CHICAGO—Patients with resectable and “borderline resectable” pancreatic cancers treated with chemoradiation before surgery (followed by adjuvant chemotherapy) had significantly improved outcomes compared to those randomized to have surgery first and adjuvant chemotherapy in the Dutch Pancreatic Cancer Group's PREOPANC-1 randomized, controlled, multicenter, phase III trial reported at the 2018 ASCO Annual Meeting (Abstract LBA4002).
Although fewer tumors could be resected in patients treated with preoperative therapy compared with those on standard care (down from 72 percent to 62 percent), there was a markedly increased rate of complete resections, said study author Geertjan Van Tienhoven MD, PhD, a radiation oncologist at the Academic Medical Center in Amsterdam, Netherlands, who is a member of the Dutch Pancreatic Cancer Group.
“We found that preoperative chemoradiotherapy improved all of the endpoints. The microscopically complete resection rate was doubled. The local control was improved significantly. The metastasis-free interval and disease-free survival were improved significantly,” he noted.
Overall survival (OS)—the primary endpoint of PREOPANC-1—was also improved, Van Tienhoven said, but the data did not reach statistical significance (p=0.074). Median OS in patients who had preoperative chemoradiotherapy was 17.1 months, compared with 13.5 months for usual care. This translated to 42 percent of patients in the experimental arm surviving at least 2 years, compared with 30 percent of patients on standard treatment.
Van Tienhoven told Oncology Times they hoped to confirm a statistically significant improvement of OS in a few months time when there would have been sufficient events. (At the time of reporting, only 142 events had been observed out of the 176 needed.)
PREOPANC-1 randomized 246 patients with resectable or borderline resectable pancreatic cancer (in 17 hospitals in the Netherlands) to immediate surgery or preoperative chemoradiotherapy followed by surgical resection. Patients in both arms of the study also had postoperative adjuvant chemotherapy. Preoperative treatment consisted of 15 daily fractions of 2.4 Gy given concurrently with gemcitabine (1,000 mg/m2) chemotherapy on day 1 followed by two more doses of gemcitabine on day 8 and day 15. All patients received the same total dose of chemotherapy.
In patients treated with preoperative therapy, the complete resection rate went up from 31 percent to 65 percent compared to patients having surgery first. Median disease-free survival increased from 7.9 months to 11.2 months. In a subgroup analysis of patients who actually had resections, median OS went up from 16.8 months on standard treatment to 29.9 months among those treated preoperatively. In the subset of patients having preoperative treatment in whom the tumor was removed successfully, median OS was 42.1 months compared with 16.8 months among patients who had immediate surgery, Van Tienhoven explained.
The distant metastasis-free interval went up in the experimental arm to 17.1 months from a median of 10.2 months for patients on standard therapy. The change in local relapse-free interval was even more marked, increasing from a median of 11.8 months to “not reached” among patients on preoperative chemo-radiotherapy.
There were no significant differences in grade 3 or higher adverse events between the arms of the study.
When he was asked about the preliminary message for doctors coming out of these data in such a difficult disease setting, Van Tienhoven noted the results were hopeful and that they were consistent with a paradigm shift toward preoperative therapy for pancreas cancer.

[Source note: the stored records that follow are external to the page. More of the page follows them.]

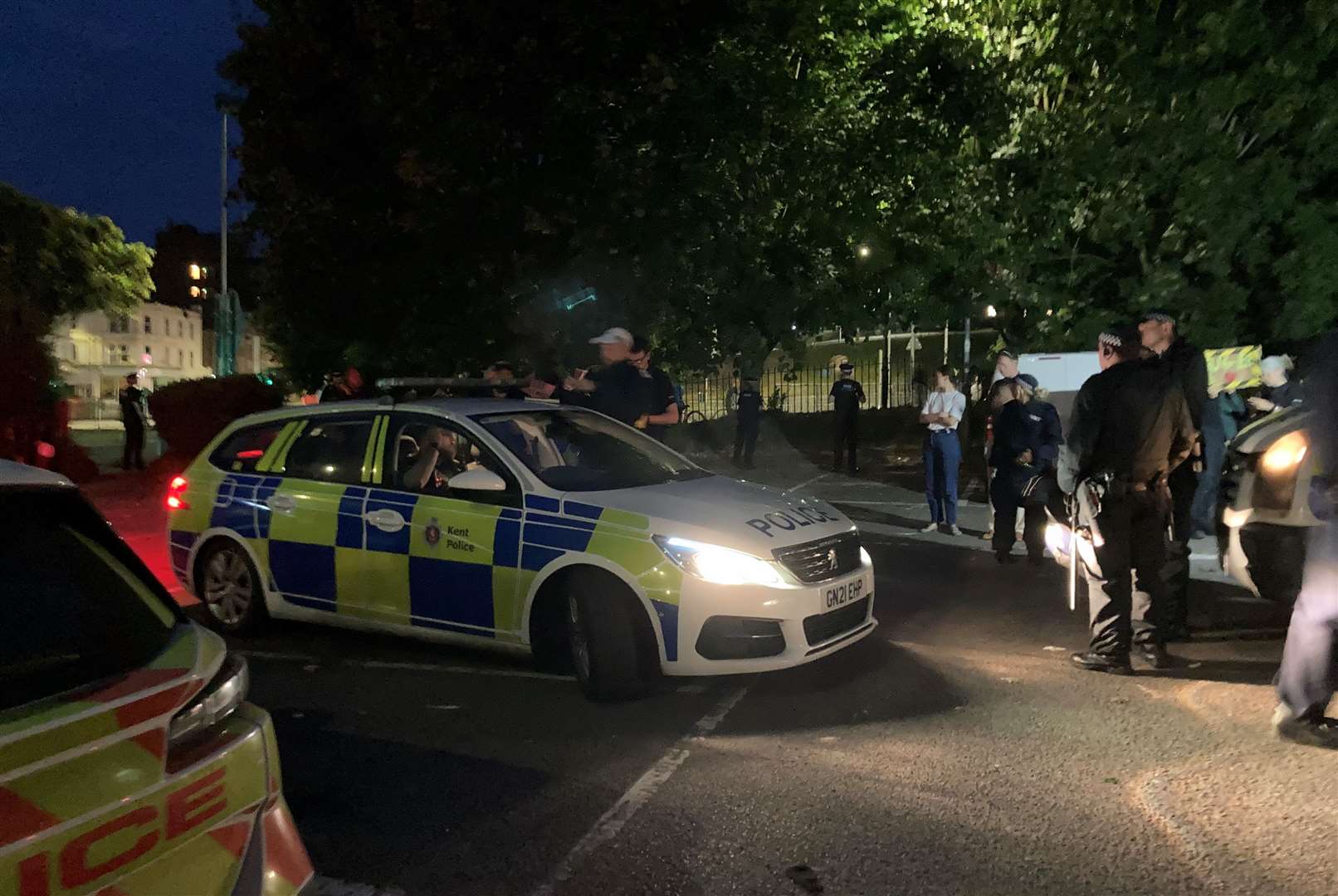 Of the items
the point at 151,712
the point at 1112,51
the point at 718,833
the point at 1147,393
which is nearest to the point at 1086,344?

“Up to now, [this] is the only randomized trial on this,” he observed. But he thought the PREOPANC-1 data were likely to have an impact in the clinic. “We believe that this may be a practice-changing trial,” he said in a press briefing at ASCO.

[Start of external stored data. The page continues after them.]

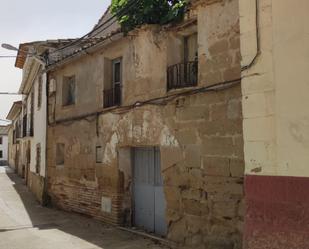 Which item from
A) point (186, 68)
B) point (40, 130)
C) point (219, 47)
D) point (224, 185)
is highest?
point (219, 47)

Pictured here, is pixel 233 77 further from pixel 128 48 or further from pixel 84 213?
pixel 84 213

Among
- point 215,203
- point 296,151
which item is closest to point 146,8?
point 215,203

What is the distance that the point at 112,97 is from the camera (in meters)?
11.0

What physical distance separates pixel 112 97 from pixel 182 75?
10.1 feet

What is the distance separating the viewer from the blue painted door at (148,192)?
920cm

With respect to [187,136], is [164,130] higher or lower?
higher

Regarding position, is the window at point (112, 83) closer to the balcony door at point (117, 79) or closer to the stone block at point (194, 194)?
the balcony door at point (117, 79)

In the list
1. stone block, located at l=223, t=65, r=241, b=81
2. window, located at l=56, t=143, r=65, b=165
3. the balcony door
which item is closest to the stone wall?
window, located at l=56, t=143, r=65, b=165

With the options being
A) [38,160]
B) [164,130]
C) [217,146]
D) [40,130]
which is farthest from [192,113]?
[38,160]

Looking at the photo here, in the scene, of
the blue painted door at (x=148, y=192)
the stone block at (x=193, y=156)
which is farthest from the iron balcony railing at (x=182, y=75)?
the blue painted door at (x=148, y=192)

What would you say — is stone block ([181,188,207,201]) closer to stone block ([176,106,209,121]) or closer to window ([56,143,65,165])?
stone block ([176,106,209,121])

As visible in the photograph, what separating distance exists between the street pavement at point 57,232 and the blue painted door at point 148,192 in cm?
46

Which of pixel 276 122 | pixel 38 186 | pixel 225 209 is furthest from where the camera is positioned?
pixel 38 186

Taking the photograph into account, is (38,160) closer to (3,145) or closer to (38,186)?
(38,186)
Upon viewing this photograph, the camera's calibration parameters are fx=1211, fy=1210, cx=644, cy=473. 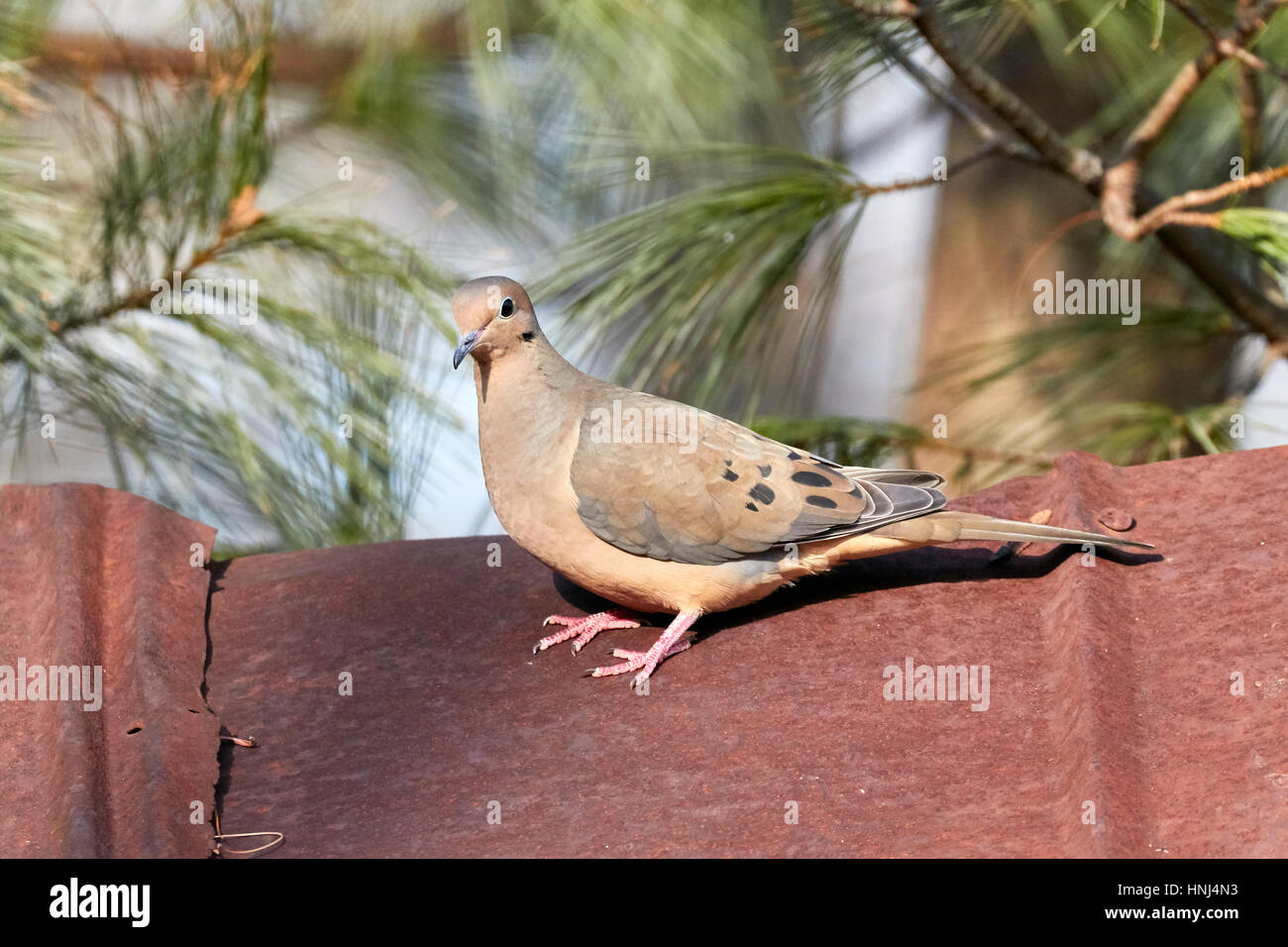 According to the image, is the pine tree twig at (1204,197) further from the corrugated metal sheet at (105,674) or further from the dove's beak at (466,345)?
the corrugated metal sheet at (105,674)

ASCO expert Andrew Epstein, MD, Hospice and Palliative Instructor in Medicine and Assistant Attending Physician at Memorial Sloan-Kettering Cancer Center, and Assistant Professor of Medicine at Weill Cornell Medical College, New York City, noted: “This study is an example of how treatments can be refined in an attempt to work better for patients. It's also a step in the right direction for people with pancreatic cancer, a disease that has proved extremely difficult to cure.”
Van Tienhoven's recommendation to doctors was to introduce patients to the idea that doing immediate surgery was not necessarily in their best interests. “If we can explain to them that they are better off when we do chemotherapy or chemo-radiotherapy first, they will accept that.”
He said that since preoperative chemo-radiotherapy had already been adopted in esophageal cancer around the world, this was likely for pancreatic cancer. “At this moment in time, preoperative chemo-radiotherapy is a good alternative to upfront surgery followed by adjuvant treatment.”
Peter M. Goodwin is a contributing writer.